| FOCUS SESSION TITLE: |
A Multidisciplinary Pharmacology Course |
| |
|
| SESSION LEADER(S): |
Drs. Carl Faingold and George Dunaway, Southern Illinois University
School of Medicine, Springfield, IL, U.S.A. |
| |
|
| OTHER PRESENTERS: |
|
| |
|
| HANDOUTS or SLIDES |
|
This session began with a discussion of the potential advantages of
a second year medical curriculum which integrates basic and clinical science
knowledge and is presented jointly by clinical and basic science faculty
via case vignettes. It was believed that these sessions would encourage
acquisition of integrated basic and science clinical knowledge, which would
facilitate clinical reasoning abilities. A curriculum that uses content
experts and experienced educators will have better student confidence.
Exposure of students to physicians using their knowledge of pharmacology
and other basic science disciplines to logically solve and treat patient
problems will provide a demonstration of the positive relationship between
a strong basic science knowledge base and clinical competency.

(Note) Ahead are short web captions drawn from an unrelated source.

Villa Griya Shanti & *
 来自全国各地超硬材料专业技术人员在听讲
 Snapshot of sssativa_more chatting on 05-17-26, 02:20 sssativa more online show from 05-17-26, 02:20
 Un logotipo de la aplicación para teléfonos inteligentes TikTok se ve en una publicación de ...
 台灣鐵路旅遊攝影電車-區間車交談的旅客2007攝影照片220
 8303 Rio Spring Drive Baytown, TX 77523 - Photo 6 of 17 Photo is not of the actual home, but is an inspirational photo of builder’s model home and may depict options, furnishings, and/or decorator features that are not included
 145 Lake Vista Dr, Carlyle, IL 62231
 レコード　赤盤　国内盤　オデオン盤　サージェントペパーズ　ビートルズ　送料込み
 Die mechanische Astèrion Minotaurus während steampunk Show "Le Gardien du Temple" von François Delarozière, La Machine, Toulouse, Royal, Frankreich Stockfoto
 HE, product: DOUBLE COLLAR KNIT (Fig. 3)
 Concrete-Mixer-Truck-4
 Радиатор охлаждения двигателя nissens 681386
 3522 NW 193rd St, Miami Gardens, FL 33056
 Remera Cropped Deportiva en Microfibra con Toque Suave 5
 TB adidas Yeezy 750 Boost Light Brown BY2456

Case-based sessions will create an environment that is conducive to
teaching and learning. That is, during case presentations, students
initially realize the limits of their knowledge base and need for information;
and then have a timely opportunity to gain information and acquire an integrated
knowledge base from discipline content experts. Exposure to information
in this manner encourages multidisciplinary study habits and builds an
integrated knowledge base needed for professional development. Including
third year clinical faculty in the design of second year educational experiences
facilitates vertical integration, influences student preparation for continued
clinical training, and provides a realistic knowledge of prior training.
A focal point of this session was discussion of how to develop and present
integrated case-based sessions. In particular, the following were
discussed in detail:
-
development and role of multidisciplinary teams
-
generation of integrated sessions by identifying consensus learning issues
and developing case vignettes
-
orchestration of integrated sessions
-
creation and delivery of the end of unit assessment using case vignettes
and multidisciplinary MCQ’s
A more extensive example of integration was also discussed. This
is used to present CNS topics which included integrated sessions, standardized
patients, and small group sessions, . A student feedback document
and the results of student evaluation of the curriculum were presented.
The primary observations were that student appreciation, satisfaction,
and attendance were greatly improved. Students indicated that incorporation
of the Pharmacology Mental Algorithm into their clinical reasoning facilitated
the systematic and rational use of basic pharmacology. It was felt
by the participating faculty that contributions by multiple content experts
encouraged student confidence and enthusiasm and that pre-class preparation
and in-class participation were excellent. The pace of the integrated
sessions was driven by the extent of student knowledge, i.e., areas of
student understanding were more rapidly discussed and difficult concepts
were more extensively explored. It was noted that removal of redundant
material and conflicting terminology, which often occurs when different
disciplines cover the same subject, reduced confusion. Also, more
positive relationships developed between clinical and basic science colleagues.